Non sapevamo più come doparli, così abbiamo pensato di dopare le loro biciclette con motore elettrico e kers

Preso in castagna – confessa a testa bassa – il meccanico del vincitore del Giro d’Italia.

Tranquilli – il doping non è passato dagli uomini alle biciclette (anche se qualcuno lo sospetta e qui per il video della bicicletta dopata).

Oggi parliamo di una trovata intelligente, che combina uno studio costato diversi milioni di euro – tra ingegneri e avvocati in tribunale – alle case automobilistiche di Formula 1 – il KERS, un sistema per recuperare l’energia del veicolo durante la frenata (indipendentemente se abbia due, quattro, o otto ruote).

Ad applicare ad una bicicletta il sistema ibrido-elettrico ci ha pensato la Cinelli Bootleg Mystic Rats in collaborazione con il SENSEable City Lab MIT e la Ducati Energia. Il risultato è stato sperimentato sulle strade di Copenhagen: la bici non diventa solo un mezzo di trasporto ma una centralina viaggiante.

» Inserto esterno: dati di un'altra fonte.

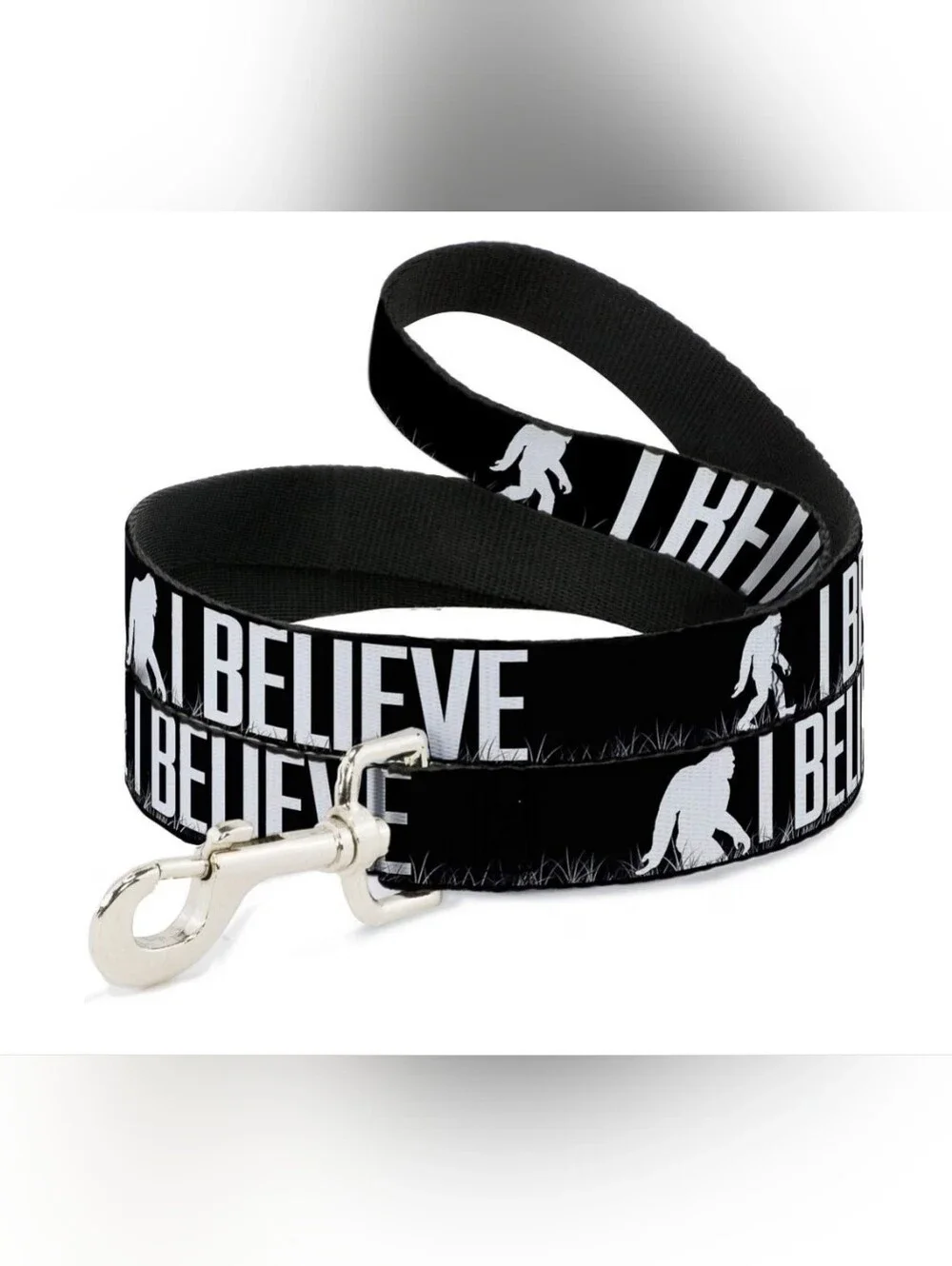 Buckle-Down 4ft Long Wide Dog Leash - Bigfoot Silhouette - BELIEVE Pet Leash
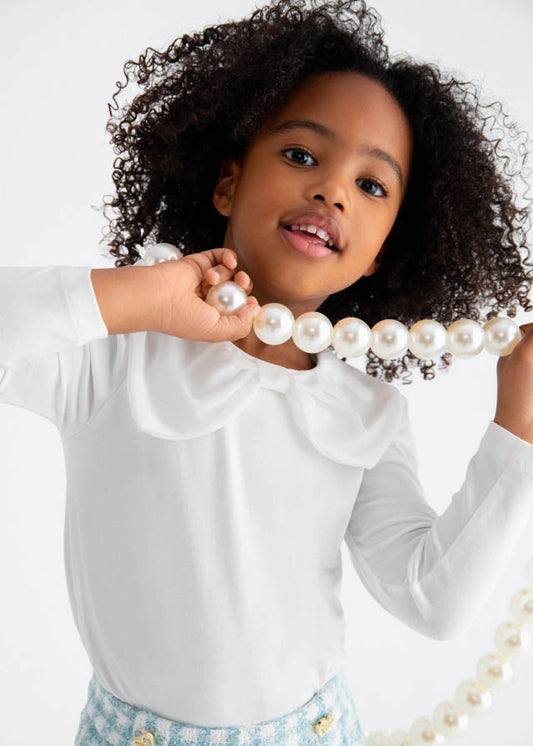 Blusa laçada - Abel & Lula - A&L Mini Menina - AW25-5610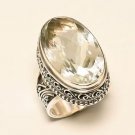 Pure 925 Sterling Solid Silver Handmade Ring Studded with Citrine Size 5 to 13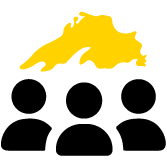 Three black user icons in a row beneath a yellow abstract shape on a light background.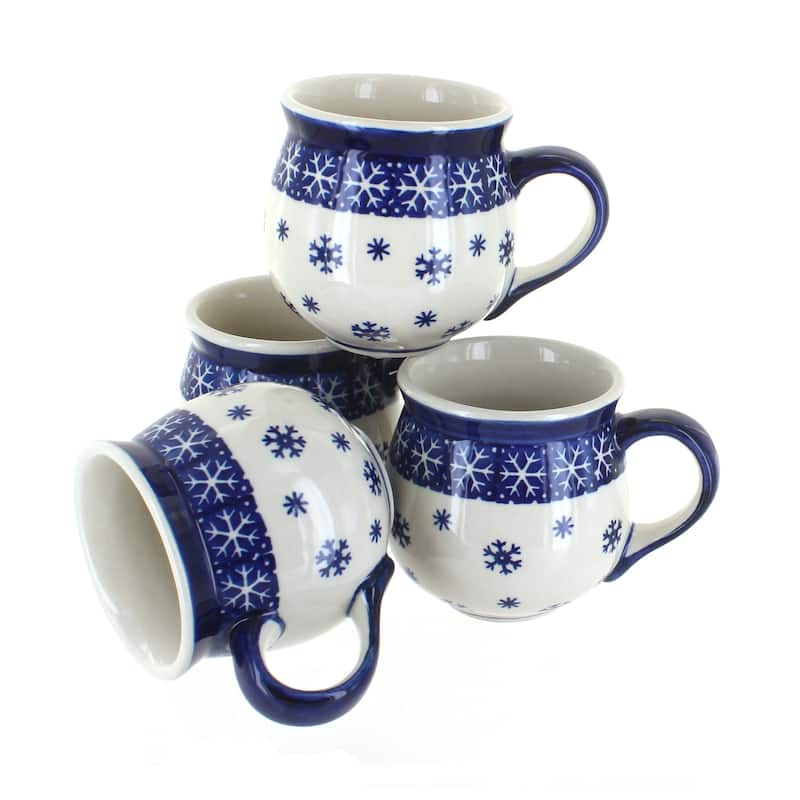 Blue Rose Polish Pottery K090-4 Manufaktura Bubble Mug Set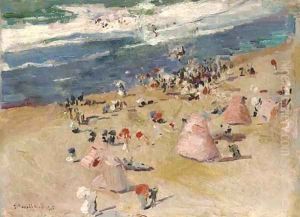 Playa de Biarritz by Joaquin Sorolla Y Bastida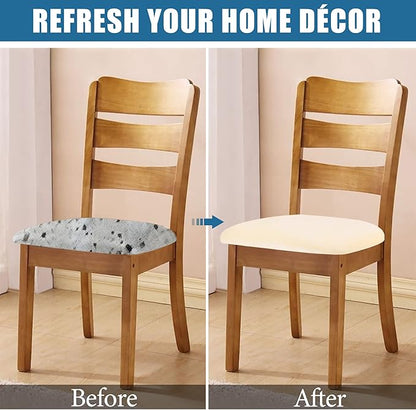 Smiry Velvet Seat Covers for Dining Room Chair Set of 2, Stretch Fit Removable Washable Chair Seat Cushion Protector Slipcovers with Ties, Cream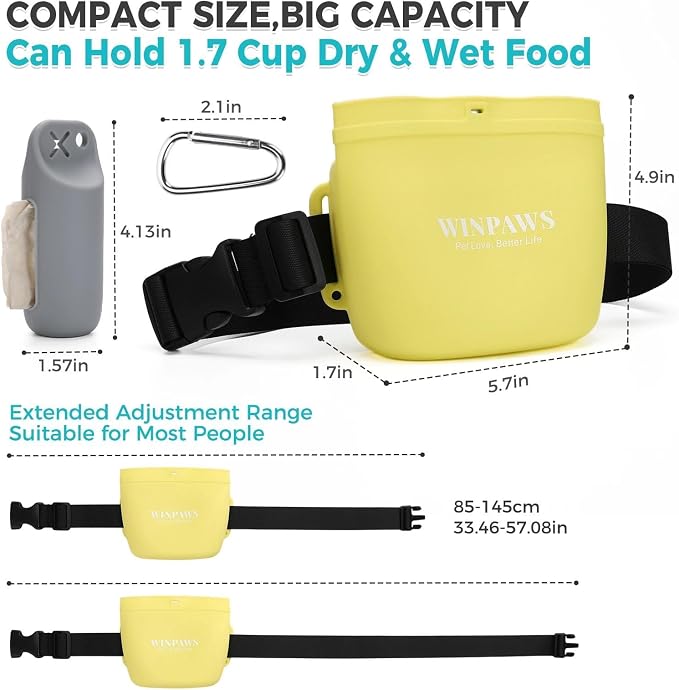 Silicone Dog Treat Pouch with Poop Bag Holder,Waterproof Magnetic Close Sealable Fanny Pack with Adjustable Waist Belt, Pet Puppy Training Essentials, One-Handed Opening with Press & Magnetic(Yellow)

L’energia recuperata alimenta un iphone (o un qualsiasi altro aggeggio elettronico – smart phone in grado di controllare l’accumulo di energia) diventa ri-utilizzabile secondo le esigenze del pedalatore. Non solo, il sistema Kers installato sulla ruota posteriore permette di cambiare rapporto, selezionare la quantità di pedalata assistita in base allo sforzo erogato e, soprattutto, permette di raccogliere informazioni sull’ambiente circostante.

Condizioni stradali, livello di monossido di carbonio, rumore, temperatura e via discorrendo. L’accesso ai dati ovviamente avviene tramite lo smart phone, che collegato via web, trasforma la bicicletta in un mezzo di trasporto “due punto zero”, con le dovute e condivise conseguenze eco-geek di condivisione dei dati.